#### GIVEN MATERIAL

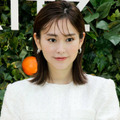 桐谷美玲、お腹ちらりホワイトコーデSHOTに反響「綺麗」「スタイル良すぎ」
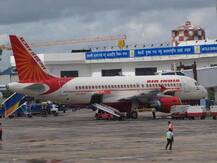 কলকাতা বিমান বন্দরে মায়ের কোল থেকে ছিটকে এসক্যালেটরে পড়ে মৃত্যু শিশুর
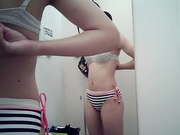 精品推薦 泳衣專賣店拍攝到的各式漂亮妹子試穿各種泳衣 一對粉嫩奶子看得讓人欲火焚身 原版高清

########

**WHAT THE EXERCISE ASKS**
Copy out every line of the material above precisely, omitting the pictures.

**ANSWER SPACE**
 桐谷美玲、お腹ちらりホワイトコーデSHOTに反響「綺麗」「スタイル良すぎ」
 কলকাতা বিমান বন্দরে মায়ের কোল থেকে ছিটকে এসক্যালেটরে পড়ে মৃত্যু শিশুর
 精品推薦 泳衣專賣店拍攝到的各式漂亮妹子試穿各種泳衣 一對粉嫩奶子看得讓人欲火焚身 原版高清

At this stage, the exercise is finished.